This topic describes how to create an Oracle database dimension table. It also describes the data definition language (DDL) statements, field type mappings, and sample code used when you create an Oracle database dimension table.

DDL syntax

CREATE TABLE oracle_dim(
  employee_id BIGINT,
  phone_number BIGINT,
  dollar DOUBLE,
  PRIMARY KEY (employee_id)
) WITH (
  'connector' = 'oracle_dim',
  'url' = '<yourUrl>',
  'userName' = '<yourUserName>',
  'password' = '<yourPassword>',
  'tableName' = '<yourTableName>',
  'cache' = 'ALL'
);

Parameters in the WITH clause

Parameter Description Required Remarks
Basic configuration connector The type of the dimension table. Yes Set the value to oracle_dim.
url The Java Database Connectivity (JDBC) URL of the Oracle database. Yes jdbc:oracle:thin:@ip:port:sid
userName The username that is used to access the database. Yes None.
password The password that is used to access the database. Yes None.
tableName The name of the table. Yes None.
maxRetryTimes The maximum number of retries for reading data from the dimension table. No Default value: 10.
Cache configuration cache The cache policy. No Valid values for an Oracle database dimension table:
  • None: indicates that data is not cached. This is the default cache policy.
  • LRU: indicates that only the specified data in the dimension table is cached. The system searches the cache each time it receives a data record. If the system does not find the record in the cache, the system searches for the data record in the physical dimension table.

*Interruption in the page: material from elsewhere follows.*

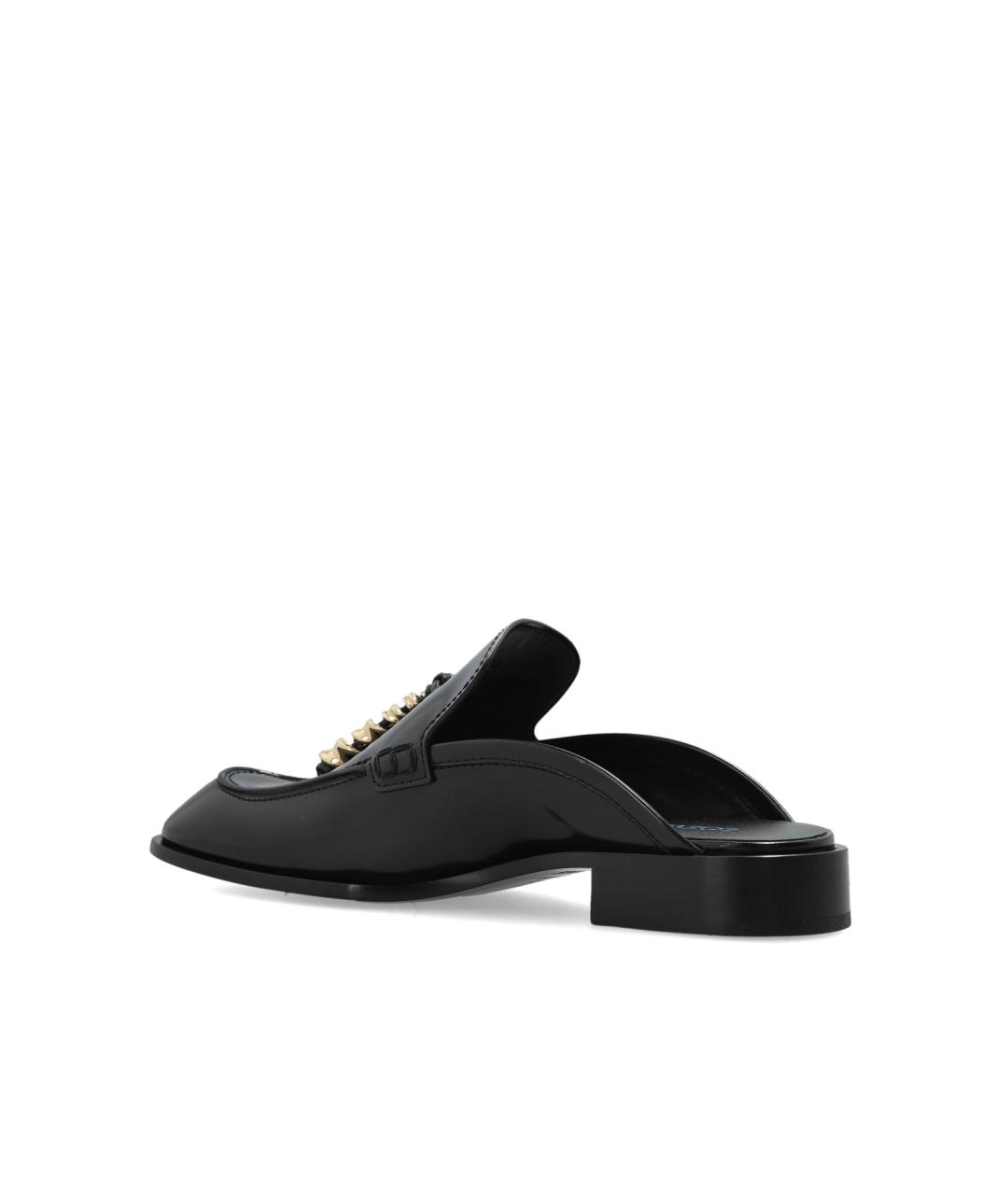 LOEWE Черные кожаные мюли, фото 4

    If you use this cache policy, you must configure the cacheSize and cacheTTLMs parameters.

  • ALL: indicates that all data in the dimension table is cached. Before a job starts to run, the system loads all the data in the dimension table to the cache. If you need to retrieve data from the dimension table, the system searches the cache for all subsequent queries in the dimension table. If the system does not find the data record in the cache, the join key does not exist. The system loads all data in the cache again after cache entries expire.

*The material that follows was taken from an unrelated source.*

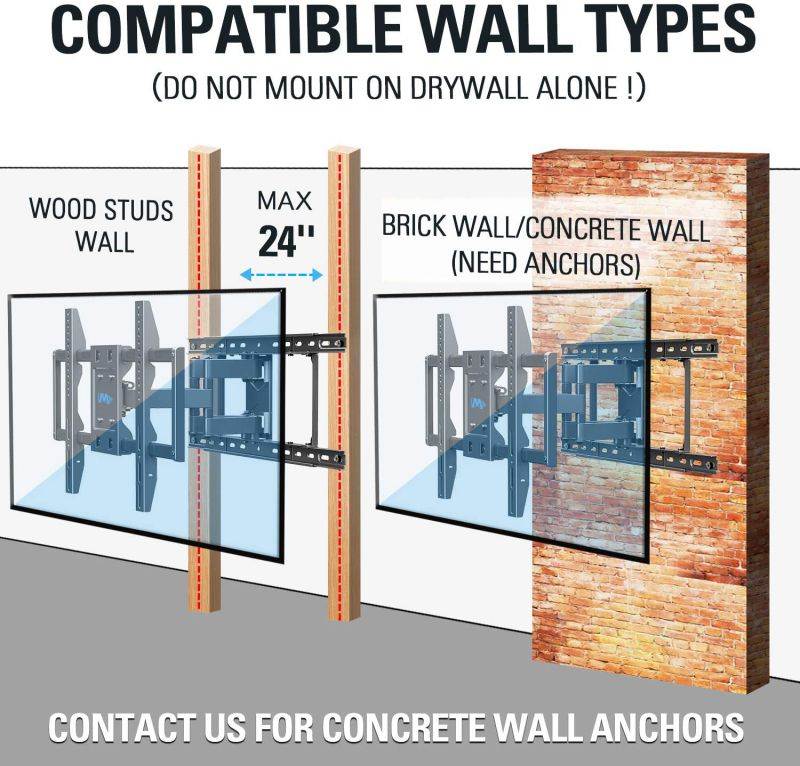 Mounting Dream Full Motion TV Wall Mount for 42-70" TVs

    If the data amount of a remote table is small and a large number of missing keys exist, we recommend that you set this parameter to ALL. (The source table and dimension table cannot be associated based on the ON clause.)

    If you use this cache policy, you must configure the cacheTTLMs and cacheReloadTimeBlackList parameters.

    Note If the cache parameter is set to ALL, you must increase the memory of the node for joining tables because the system asynchronously loads data from the dimension table. The increased memory size is two times that of the remote table.
cacheSize The cache size, which specifies the number of rows that can be cached. No This parameter is available only if you set the cache parameter to LRU. Default value: 10000.
cacheTTLMs The cache timeout period. Unit: milliseconds. No
  • If you set the cache parameter to LRU, this parameter specifies the interval at which the system refreshes the cache. By default, the cache is not refreshed.
  • If you set the cache parameter to ALL, this parameter specifies the interval at which the system refreshes the cache. By default, the cache is not refreshed.
cacheReloadTimeBlackList The time periods during which the cache is not refreshed. This parameter takes effect when the cache parameter is set to ALL. The cache is not refreshed during the time periods that you specify for this parameter. This parameter is useful for massive online promotional events such as Double 11. No This parameter is empty by default. The following example shows the format of the values: '2017-10-24 14:00 -> 2017-10-24 15:00, 2017-11-10 23:30 -> 2017-11-11 08:00'. Delimiters that you can use for the parameter values:
  • Separate the time periods with commas (,).
  • Separate the start time and end time of each time period with a hyphen and a greater-than sign (->).
maxJoinRows The maximum number of data records in the right table that can be joined with a data record in the left table for a one-to-many table join. No Default value: 1024.
Note If a large number of data records are involved in one-to-many table joins, you must adjust the memory of the cache. The cacheSize parameter restricts the number of keys in the left table. If a data record in the left table corresponds to a large number of data records in the right table, the performance of streaming data tasks significantly deteriorates.

Field type mapping

Data type of an Oracle database Data type of Flink
  • CHAR
  • VARCHAR
  • VARCHAR2
VARCHAR
FLOAT DOUBLE
NUMBER BIGINT
DECIMAL DECIMAL

Sample code

CREATE TEMPORARY TABLE oracle_source (
  employee_id BIGINT,
  employee_name VARCHAR,
  employee_age INT
) WITH (
  'connector'='datagen'
);


CREATE TEMPORARY TABLE oracle_dim (
  employee_id BIGINT,
  phone_number BIGINT,
  dollar DOUBLE,
  PRIMARY KEY (employee_id)
) WITH (
  'connector' = 'oracle_dim',
  'url' = '<yourUrl>',
  'userName' = '<yourUserName>',
  'password' = '<yourPassword>',
  'tableName' = '<yourTableName>',
  'cache' = 'ALL'
);

CREATE TEMPORARY TABLE oracle_sink (
  employee_id BIGINT,
  phone_number BIGINT,
  employee_name VARCHAR
) WITH (
  'connector' = 'oracle',
  'url' = '<yourUrl>',
  'userName' = '<yourUserName>',
  'password' = '<yourPassword>',
  'tableName' = '<yourTableName>'
);

INSERT INTO oracle_sink
SELECT t.employee_id, w.phone_number, t.employee_name
FROM oracle_source as t JOIN oracle_dim FOR SYSTEM_TIME AS OF PROCTIME() as w
ON t.employee_id = w.employee_id;